[Start of section]

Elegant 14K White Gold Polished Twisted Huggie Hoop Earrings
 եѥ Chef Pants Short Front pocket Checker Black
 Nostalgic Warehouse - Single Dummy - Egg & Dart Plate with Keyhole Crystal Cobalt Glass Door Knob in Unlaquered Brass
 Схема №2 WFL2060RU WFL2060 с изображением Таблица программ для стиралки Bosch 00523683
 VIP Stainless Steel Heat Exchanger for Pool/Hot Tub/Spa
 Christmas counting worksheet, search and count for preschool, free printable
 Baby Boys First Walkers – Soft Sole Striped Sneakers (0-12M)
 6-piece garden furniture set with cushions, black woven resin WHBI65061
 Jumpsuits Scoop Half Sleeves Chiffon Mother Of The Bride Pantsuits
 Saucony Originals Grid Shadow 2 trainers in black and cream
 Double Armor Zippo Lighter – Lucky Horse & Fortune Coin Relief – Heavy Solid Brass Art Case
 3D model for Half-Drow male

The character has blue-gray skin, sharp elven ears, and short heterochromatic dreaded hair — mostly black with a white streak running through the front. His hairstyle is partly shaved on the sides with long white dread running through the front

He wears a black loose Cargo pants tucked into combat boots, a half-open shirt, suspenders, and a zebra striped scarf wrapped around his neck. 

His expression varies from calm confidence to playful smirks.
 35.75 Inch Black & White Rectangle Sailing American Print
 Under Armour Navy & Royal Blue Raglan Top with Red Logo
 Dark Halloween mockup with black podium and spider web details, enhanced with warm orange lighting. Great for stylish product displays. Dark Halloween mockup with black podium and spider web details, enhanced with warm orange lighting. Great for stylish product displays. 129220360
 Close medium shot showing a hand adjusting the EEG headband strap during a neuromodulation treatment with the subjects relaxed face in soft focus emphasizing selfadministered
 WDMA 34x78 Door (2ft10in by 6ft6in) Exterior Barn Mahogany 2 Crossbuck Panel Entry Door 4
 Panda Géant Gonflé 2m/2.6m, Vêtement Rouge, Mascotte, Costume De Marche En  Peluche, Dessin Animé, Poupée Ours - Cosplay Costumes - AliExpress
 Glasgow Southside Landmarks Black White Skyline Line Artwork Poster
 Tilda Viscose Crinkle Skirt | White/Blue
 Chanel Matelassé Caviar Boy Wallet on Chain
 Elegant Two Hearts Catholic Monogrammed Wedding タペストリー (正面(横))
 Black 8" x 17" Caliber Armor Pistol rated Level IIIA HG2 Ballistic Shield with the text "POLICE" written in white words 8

[End of section]

▶ _Work required_
From the records above, extract every entry verbatim.

▶ _Exercise output_
Elegant 14K White Gold Polished Twisted Huggie Hoop Earrings
 եѥ Chef Pants Short Front pocket Checker Black
 Nostalgic Warehouse - Single Dummy - Egg & Dart Plate with Keyhole Crystal Cobalt Glass Door Knob in Unlaquered Brass
 Схема №2 WFL2060RU WFL2060 с изображением Таблица программ для стиралки Bosch 00523683
 VIP Stainless Steel Heat Exchanger for Pool/Hot Tub/Spa
 Christmas counting worksheet, search and count for preschool, free printable
 Baby Boys First Walkers – Soft Sole Striped Sneakers (0-12M)
 6-piece garden furniture set with cushions, black woven resin WHBI65061
 Jumpsuits Scoop Half Sleeves Chiffon Mother Of The Bride Pantsuits
 Saucony Originals Grid Shadow 2 trainers in black and cream
 Double Armor Zippo Lighter – Lucky Horse & Fortune Coin Relief – Heavy Solid Brass Art Case
 3D model for Half-Drow male

The character has blue-gray skin, sharp elven ears, and short heterochromatic dreaded hair — mostly black with a white streak running through the front. His hairstyle is partly shaved on the sides with long white dread running through the front

He wears a black loose Cargo pants tucked into combat boots, a half-open shirt, suspenders, and a zebra striped scarf wrapped around his neck. 

His expression varies from calm confidence to playful smirks.
 35.75 Inch Black & White Rectangle Sailing American Print
 Under Armour Navy & Royal Blue Raglan Top with Red Logo
 Dark Halloween mockup with black podium and spider web details, enhanced with warm orange lighting. Great for stylish product displays. Dark Halloween mockup with black podium and spider web details, enhanced with warm orange lighting. Great for stylish product displays. 129220360
 Close medium shot showing a hand adjusting the EEG headband strap during a neuromodulation treatment with the subjects relaxed face in soft focus emphasizing selfadministered
 WDMA 34x78 Door (2ft10in by 6ft6in) Exterior Barn Mahogany 2 Crossbuck Panel Entry Door 4
 Panda Géant Gonflé 2m/2.6m, Vêtement Rouge, Mascotte, Costume De Marche En  Peluche, Dessin Animé, Poupée Ours - Cosplay Costumes - AliExpress
 Glasgow Southside Landmarks Black White Skyline Line Artwork Poster
 Tilda Viscose Crinkle Skirt | White/Blue
 Chanel Matelassé Caviar Boy Wallet on Chain
 Elegant Two Hearts Catholic Monogrammed Wedding タペストリー (正面(横))
 Black 8" x 17" Caliber Armor Pistol rated Level IIIA HG2 Ballistic Shield with the text "POLICE" written in white words 8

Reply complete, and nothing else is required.